Assim, poderíamos definir, grosso modo, a intencionalidade como nos apresenta Searle no livro Intencionalidade, como “aquela propriedade de muitos estados e eventos mentais pela qual estes são dirigidos para, ou acerca de, objetos e estados de coisas no mundo”. A intencionalidade é, portanto, fundamental para a atribuição de significados, pois dependendo da direcionalidade, poderemos atribuir diferentes significados à mesma palavra ou ao mesmo evento.

Além disso, há para Searle, o background, ou seja, o know-how, ou ainda, um background de base, comum a todos os seres humanos, tal como nossa constituição biológica básica; e um background local, relativo a práticas culturais locais. Em outras palavras, o modo como vejo o mundo e o modo como faço as coisas.

Daí deriva-se que, ainda que possuamos sentenças semanticamente perfeitas, elas serão incompreensíveis, exceto se contextualizadas em seu plano de verdade, ou seu pano de fundo. É o background, assim compreendido, um fator fundamentalmente biológico ou um fator social?
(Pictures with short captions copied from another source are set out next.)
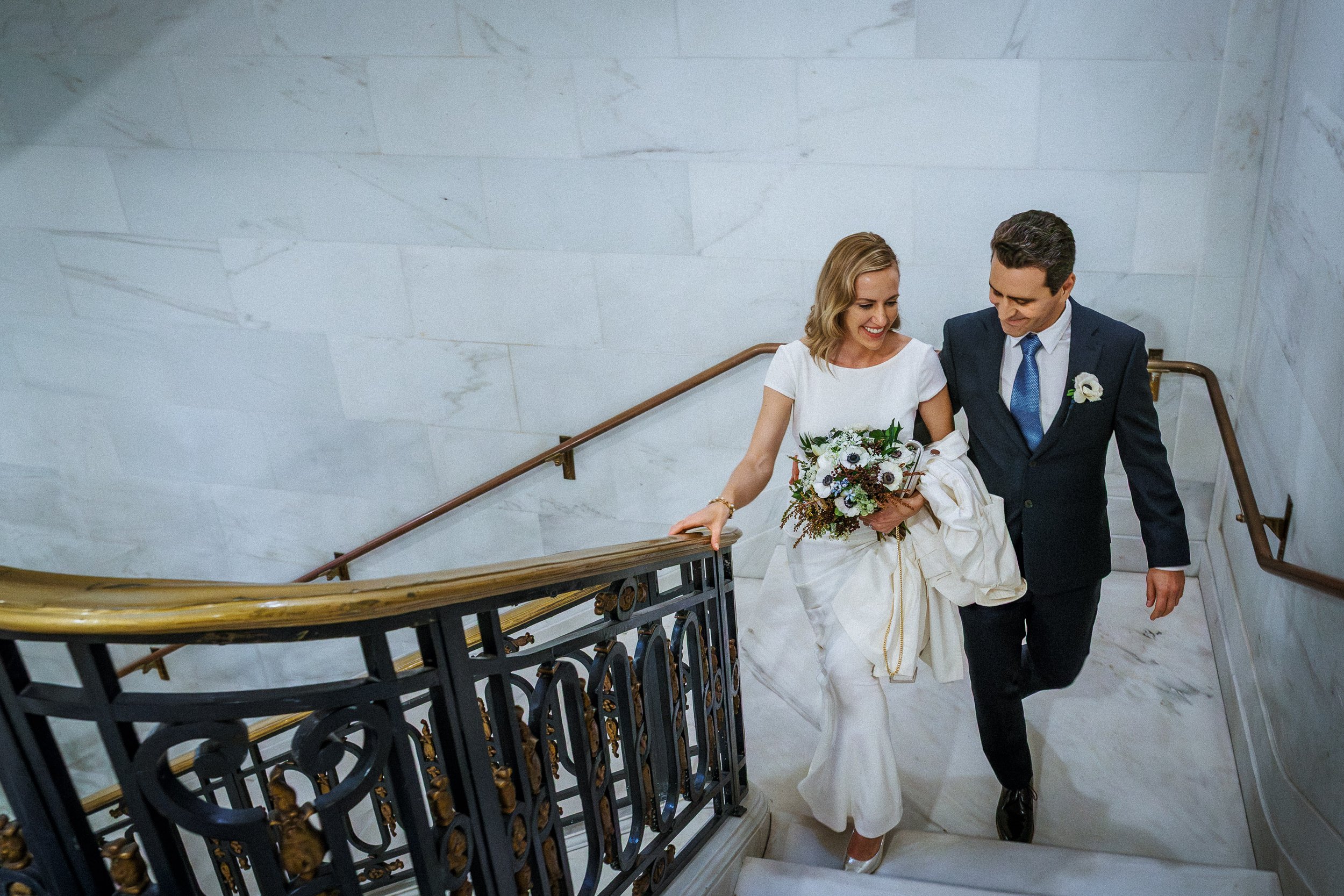 A bride in a white dress holding a bouquet, descending a marble staircase with a groom in a dark suit, both smiling.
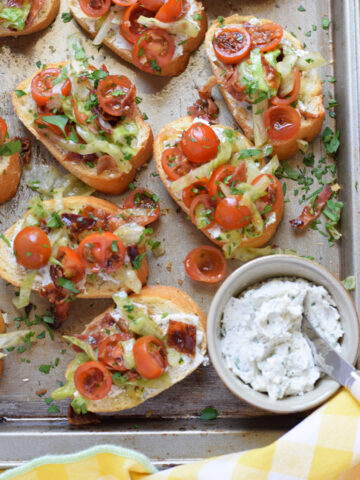 Bruschetta on a tray with a cream cheese spread.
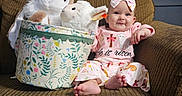 Maesyn is registered to the contest to win money with this photo: baby, child, plush_toys, stuffed_animals, basket, couch, curtain, headband, pink_clothing, smiling, indoor, decor, patterned_fabric, footwearless, happy, seated, toy, person, infant, living_room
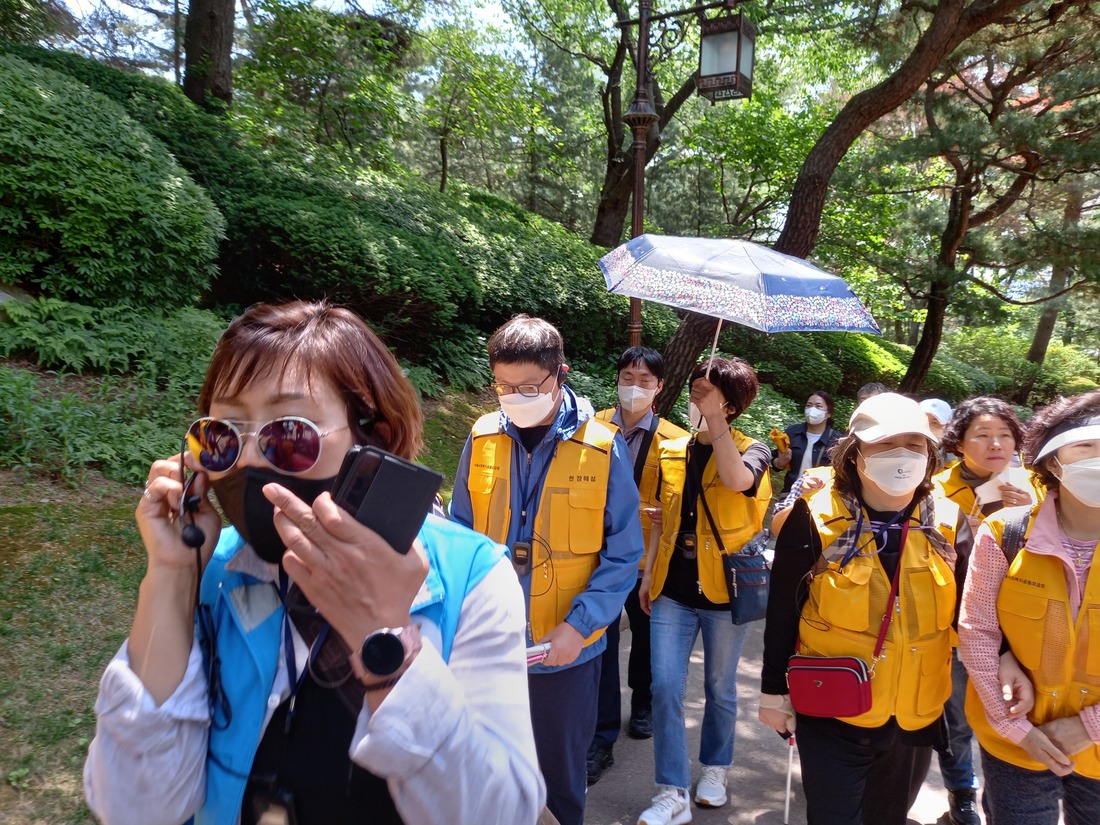 해설사를 선두로 뒤따르며 현장해설을 듣는 참가자들.jpg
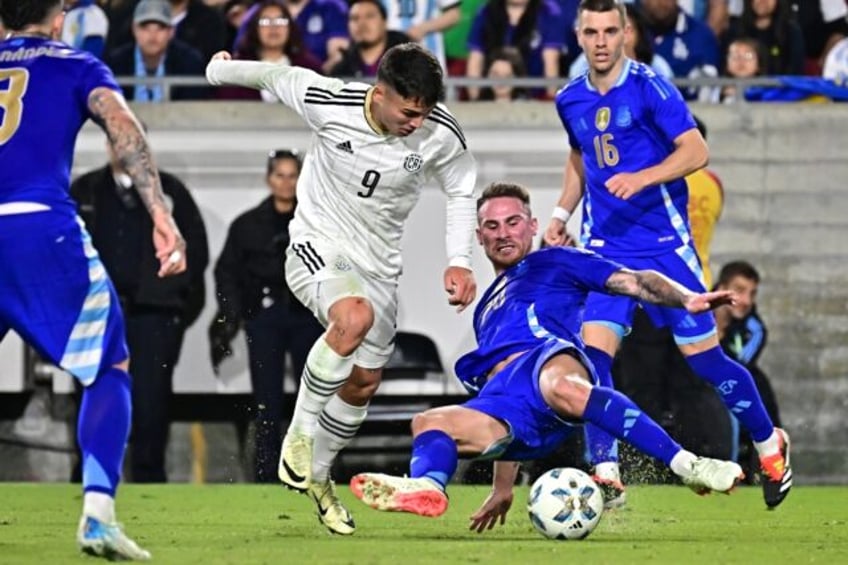 Argentina midfielder Alexis Mac Allister slides in to tackle Costa Rica forward Manfred Ug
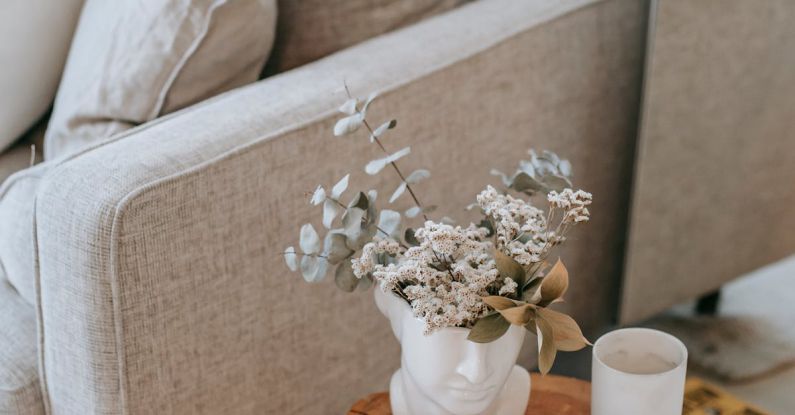 Furniture Styles - Cozy sofa with decorative cushions near stump with books and blooming flowers in vase in house room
“O background, portanto, não é um conjunto de coisas nem um conjunto de relações misteriosas entre nós e as coisas, mas simplesmente um conjunto de habilidades, suposições e pressuposições pré-intencionais, posturas, práticas e hábitos. Tudo isso, até onde se sabe, é realizado nos cérebros e corpos humanos. Não há absolutamente nada de ‘transcendental’ ou ‘metafísico’ acerca do background, no sentido em que estou empregando o termo” (Searle, 1995: 213-214).

O background proporciona um conjunto de condições para o funcionamento de formas particulares de fundação da intencionalidade, e essa difere de outros fenômenos biológicos por ter uma estrutura lógica. Poderíamos, então, construir, a partir de nossos hábitos, suposições, pressuposições e posturas, diferentes significados para nossas palavras, gestos, imagens ou formas? Para nos entendermos, precisaríamos minimamente compreender os hábitos, suposições, pressuposições e posturas do outro. Precisaríamos, também, acompanhar suas formas de intencionalidade e, ainda, compreender o real a partir de uma mesma estrutura lógica. Você costuma fazer todo esse exercício cotidianamente? Como evita o mal entendido?

Referências Bibliográficas:

Searle, J. A redescoberta da mente. São Paulo: Martins Fontes, 2006.
_____. Expressão e significado. São Paulo: Martins Fontes, 2002.
_____. Intencionalidade. São Paulo: Martins Fontes, 1995.
_____. Mente, linguagem e sociedade. Rio de Janeiro: Rocco, 2000.